Rayman · 2019-12-19 19:35

wonder if you could rdlong ptra[1], rdlong ptrb[1] to get the next values in between qrotate and getqx…

cgracey · 2019-12-19 19:58

Rayman wrote: »

wonder if you could rdlong ptra[1], rdlong ptrb[1] to get the next values in between qrotate and getqx...

We could read 16 pairs at a time and then stuff the CORDIC pipeline.

This FFT does the following-sized runs of rotations and adds/subs on contiguously-placed coordinate pairs:

512
256
128
64
32
16
8
4
2
1

So, if we hard-coded 16 rotations+adds/subs, the extra operations just wouldn't be saved in the last four runs of 8, 4, 2, and 1. That would speed things way up and not waste much time.

Rayman · 2019-12-19 20:31

Not sure if this is the right place, but I had a question about your FFT demo on the Chat yesterday...

Looks like you are coupling the microphone input just through a cap to a prop2 pin, as you said.

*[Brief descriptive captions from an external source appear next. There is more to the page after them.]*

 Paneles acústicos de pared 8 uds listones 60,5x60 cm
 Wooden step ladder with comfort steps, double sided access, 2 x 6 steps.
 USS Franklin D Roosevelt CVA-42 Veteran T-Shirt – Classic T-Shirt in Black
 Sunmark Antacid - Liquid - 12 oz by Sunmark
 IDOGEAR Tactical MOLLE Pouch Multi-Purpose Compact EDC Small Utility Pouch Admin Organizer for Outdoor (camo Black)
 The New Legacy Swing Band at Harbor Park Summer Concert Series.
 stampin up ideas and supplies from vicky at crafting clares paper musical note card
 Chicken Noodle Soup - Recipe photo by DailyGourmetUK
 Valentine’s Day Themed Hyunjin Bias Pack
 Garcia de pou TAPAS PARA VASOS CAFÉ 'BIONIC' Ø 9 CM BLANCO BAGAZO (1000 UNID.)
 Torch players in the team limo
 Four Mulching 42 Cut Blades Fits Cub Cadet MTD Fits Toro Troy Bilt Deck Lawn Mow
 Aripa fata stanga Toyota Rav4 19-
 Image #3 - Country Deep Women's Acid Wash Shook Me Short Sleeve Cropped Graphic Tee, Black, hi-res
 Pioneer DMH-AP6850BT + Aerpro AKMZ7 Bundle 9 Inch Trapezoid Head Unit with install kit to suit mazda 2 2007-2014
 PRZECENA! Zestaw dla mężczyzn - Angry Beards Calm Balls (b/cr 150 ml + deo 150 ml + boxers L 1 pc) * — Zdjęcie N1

But, don't you need to bias the pin at Vdd/2 for that to work right?
Seems to me the bias level would float around, potentially causing the peaks or valleys to get clipped...

cgracey · 2019-12-19 20:35

Rayman wrote: »

Not sure if this is the right place, but I had a question about your FFT demo on the Chat yesterday...

Looks like you are coupling the microphone input just through a cap to a prop2 pin, as you said.

But, don't you need to bias the pin at Vdd/2 for that to work right?
Seems to me the bias level would float around, potentially causing the peaks or valleys to get clipped...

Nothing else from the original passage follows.